China had a record global trade surplus in 2007 and investment bank Merrill Lynch says it remains optimistic about Asia's future. Claudia Blume at VOA's Asia's News Center in Hong Kong has more on these and other business stories from the region.

China's trade surplus surged to a record $262 billion in 2007, up almost 50 percent from a year earlier.

China's surplus has created tensions with its main trading partners, particularly the United States and the European Union. They have put pressure on Beijing to let the country's currency appreciate. They say the renminbi is undervalued, giving Chinese exporters an unfair price advantage.

Investment bank Merrill Lynch says despite the economic slowdown in the United States, growth in Asia will remain strong in 2008. The bank says it expects the economy in China to grow by almost 11 percent and Asia as a whole by just under nine percent this year.

Timothy James Bond is chief economist for the Asia Pacific region in Merrill Lynch's Hong Kong office.

"The structural drivers of the Asian story remain very strong - the urbanization story, the infrastructure story, consumer demand in Asia, rising asset prices, rising property prices - those are going to remain very strong drivers of Asian domestic demand," he said.

Bond says global markets will be rocky this year because of a downturn on the U.S. housing market, concerns about credit quality and about liquidity in the global banking system. But he says huge amounts of savings in Asia will help alleviate those concerns.

"Asian savings are helping the global economy. They will help resolve the credit crunch, they will help to recapitalize the global banking system."

Automobile sales in Vietnam almost doubled in 2007 compared with a year earlier. A total of 80,000 vehicles were sold in the country last year. A fourth of those were produced by Japanese automaker Toyota.

In other news from Vietnam, the country reached an agreement with neighbor Laos to jointly search for oil and gas in two southern Lao provinces. State-owned PetroVietnam will lead the search in the Lao provinces of Champasak and Salavan.

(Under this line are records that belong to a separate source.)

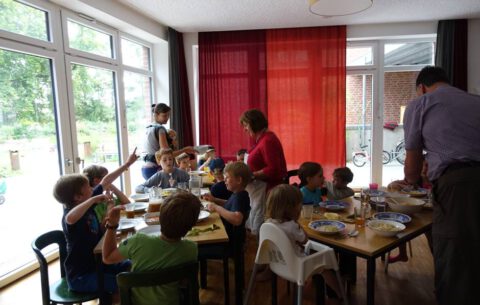 LeNa-Kinder schmausen ihr selbst zubereitetes Nudelgericht im Gemeinschaftsraum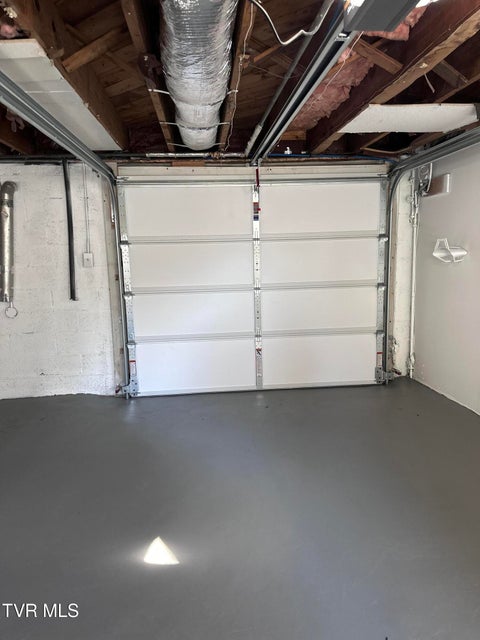 Photo #67: 526 Mount Ida Place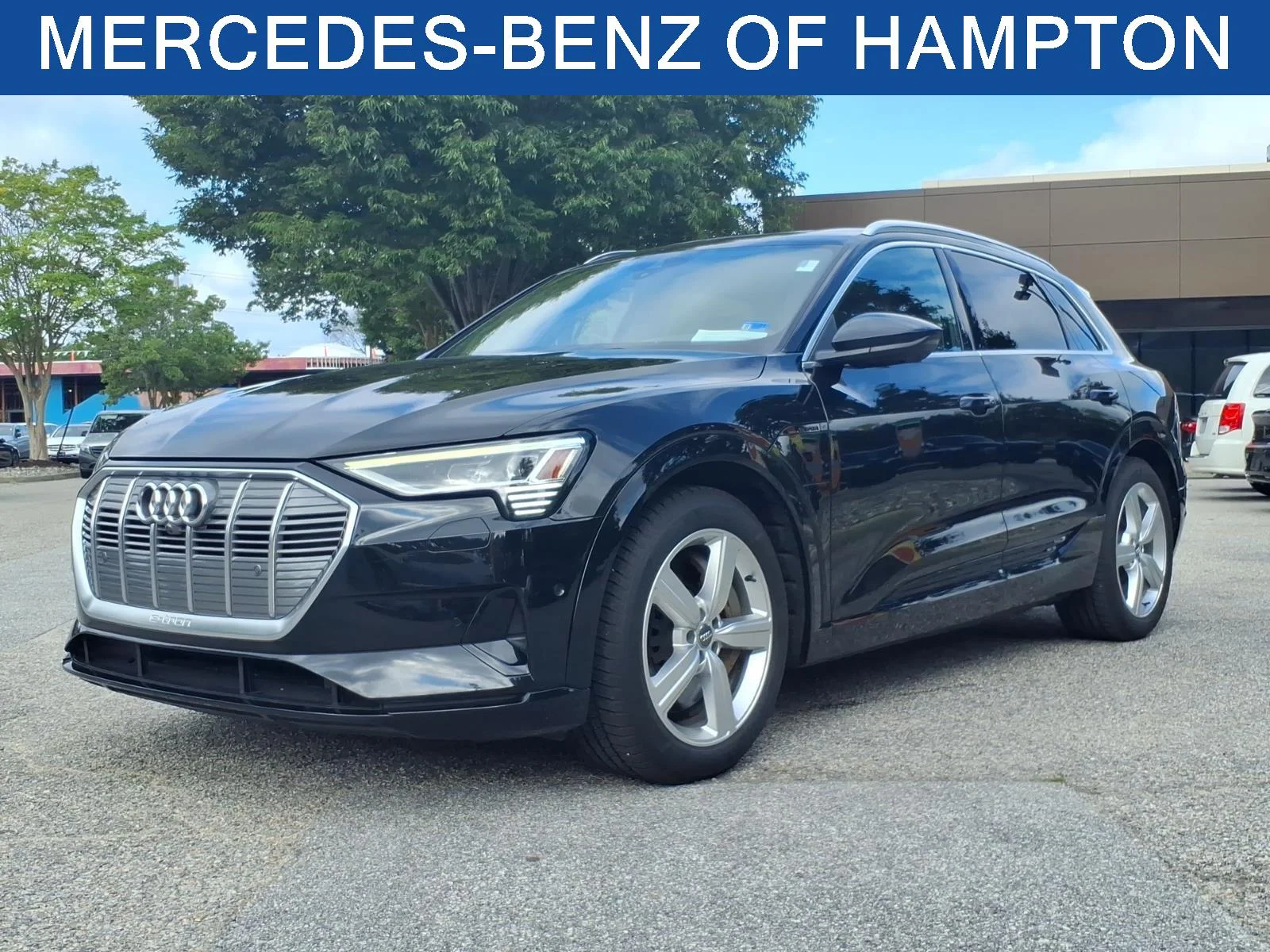2019 Audi e-tron Premium Plus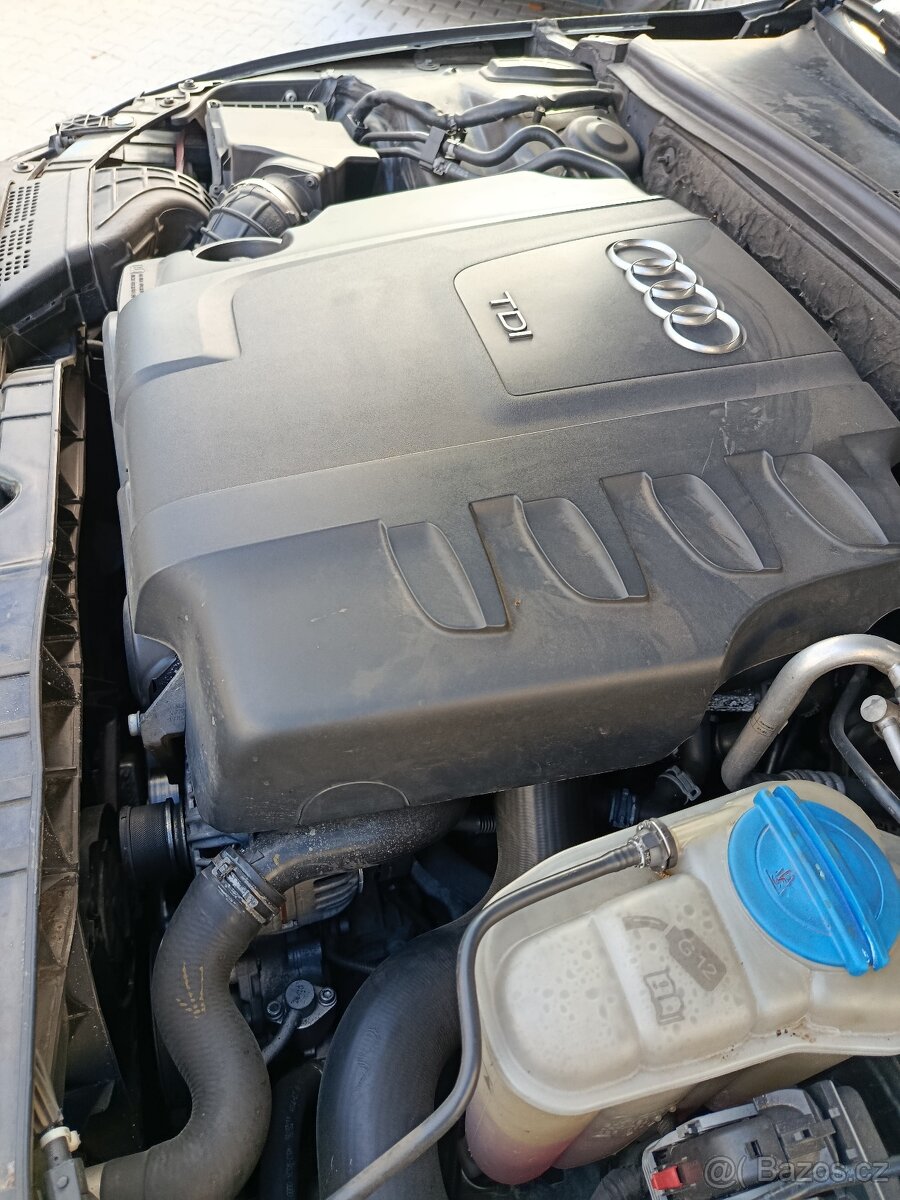 Prodam audi a4 b8 2TDI R.2010 - 5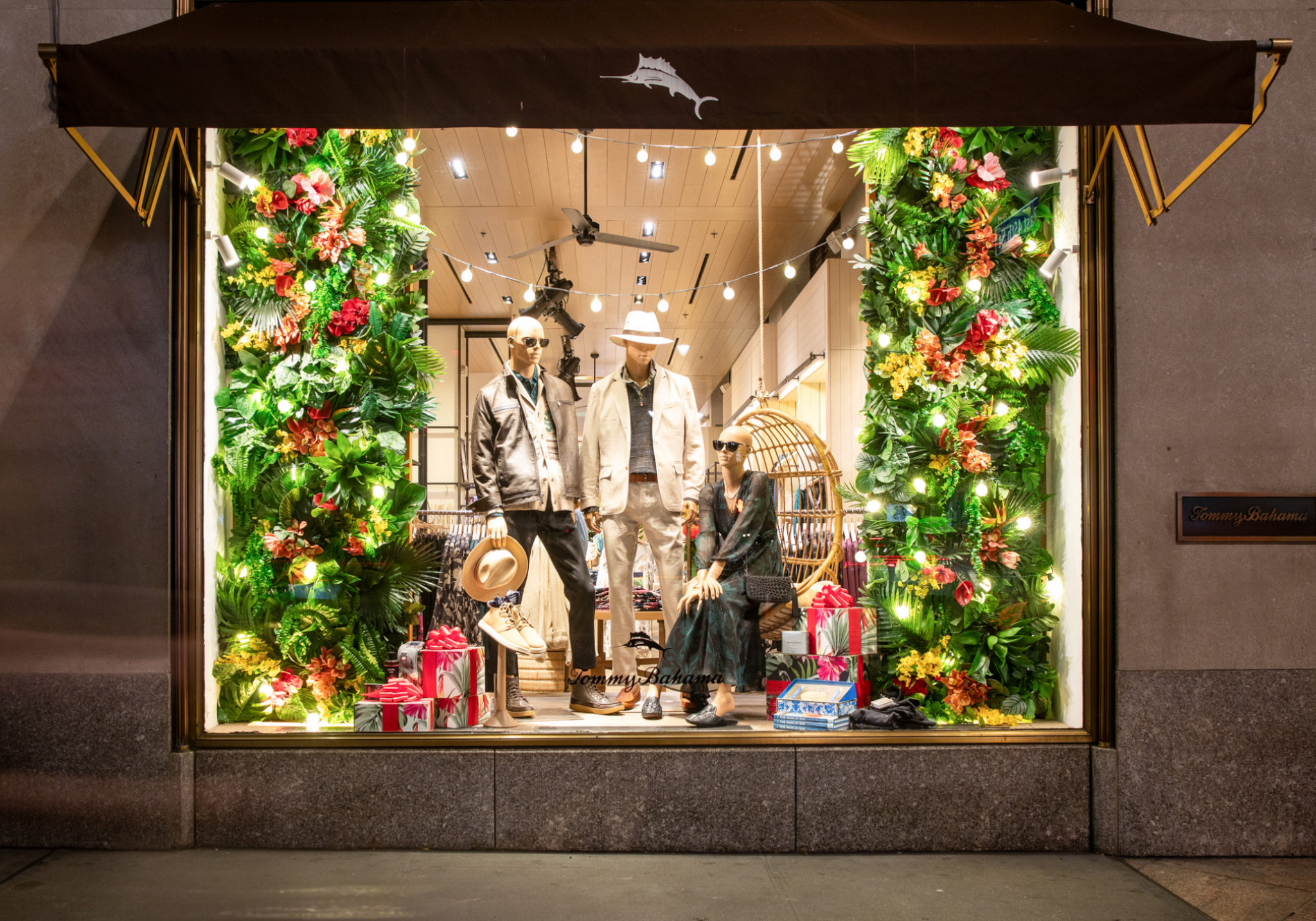 Featured image for post: Tommy Bahama: Ringing in the Holidays, Island Style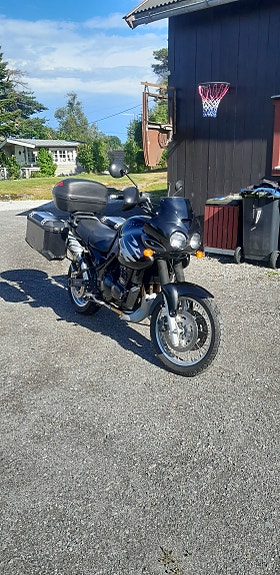 Triumph Tiger 900 2 of 5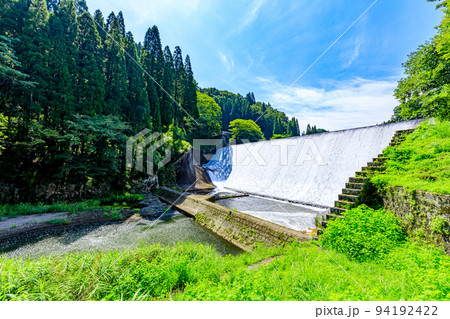 夏の白水溜池堰堤(白水ダム)大分県竹田市 夏の白水溜池堰堤(白水ダム)大分県竹田市 94192422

And international rating agency Standard and Poor's assigned its first credit rating to a Cambodian bank. It assigned Acleda Bank, Cambodia's third-largest lender, a B-plus credit rating. This means its bonds and other debt are considered somewhat risky.

Standard and Poor's said that Cambodia's banking sector is poised to have strong growth opportunities as the country's economy gains momentum. But the rating agency said that the Cambodian system is still fragmented and lacks financial depth.